In this other country, some cannot afford to buy food at all (skip to 3:10).

Wow. That country surely would not welcome the AP to film its children, who seem much less happy than the smiling children we see in the AP’s exclusive reporting from North Korea. It is sad that there are countries where the people are not as happy as the people of North Korea. But if the AP isn’t reporting about it, we can at least take comfort in knowing that it isn’t anything we need to know.

4 Responses

  1. “One teenager stood primly next to the rocket as her father snapped her photo with his cell phone”

    I thought there were no cell phones (let alone ones with cameras) in NK? Or does it just mean this young lady is the daughter of some high-ranking party official? The way it’s presented in the article you’d swear there was nothing unusual about it.

  2. you cannot take whatever is being reported on or shown in Pyongyang for face value.

    pyongyang is where the elite and privileged get to live.

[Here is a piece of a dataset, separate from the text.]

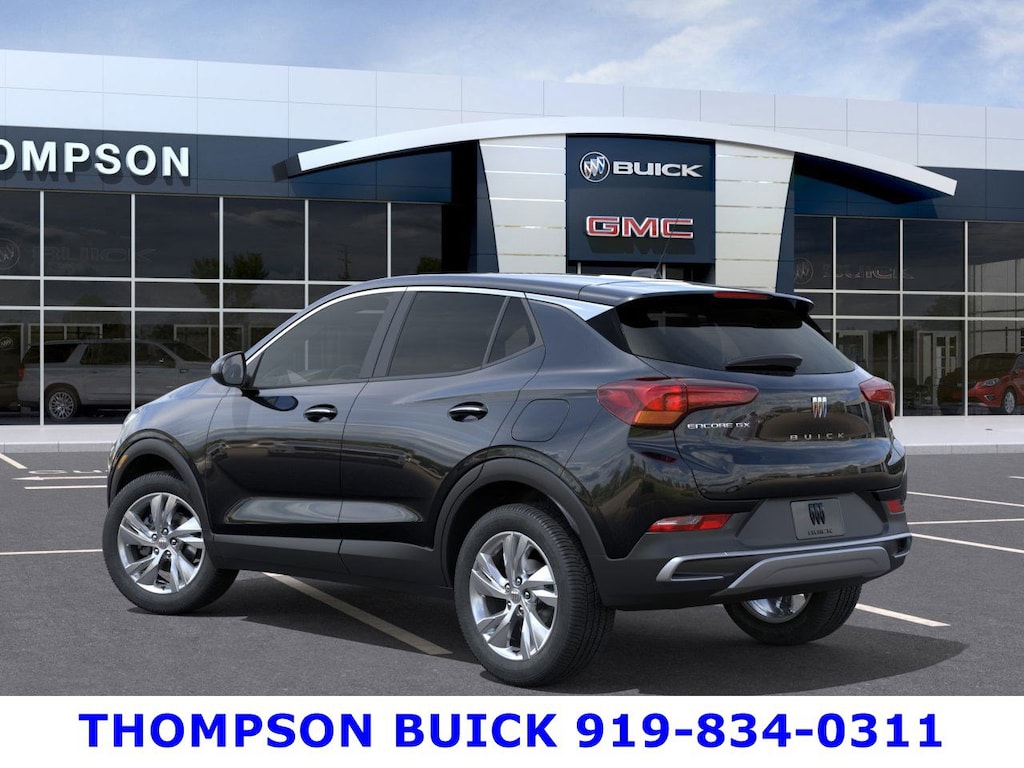 New 2026 Buick Encore GX Preferred SUV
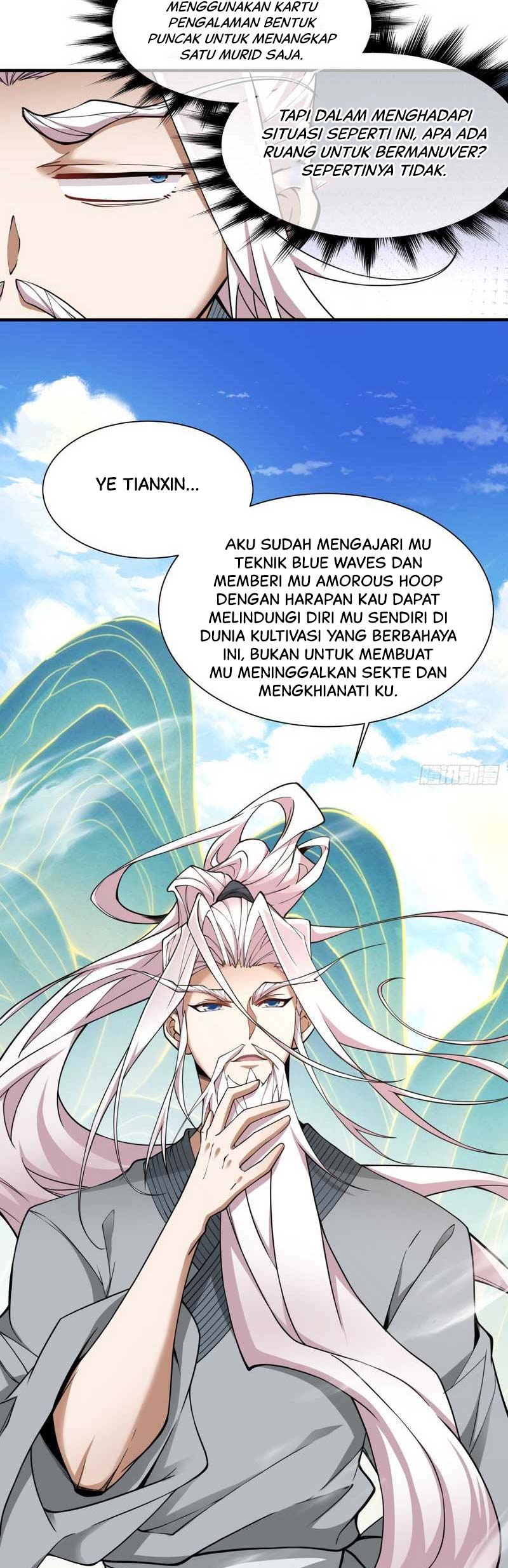 My Disciples Are All Big Villains Chapter 31 - halaman 3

    reporting on what is only in pyongyang is like reporting in the states and only reporting on and showing pictures of what is happening in Bel Air. everything seems nice and picture perfect….and normal

    thus i was a little surprised to hear about the ‘wrong turn’ when the foreign journalists were there for the launch.

    http://www.guardian.co.uk/world/2012/apr/13/north-korea-real-life-press-bus

    but even the pics from the ‘wrong turn’ doesn’t seem so bad. it’s just not on a mantle like other areas of pyongyang that tourists get to see.

    i guess even in Bel Air there are homes that sell for less than $2.5m, but they are fixer uppers.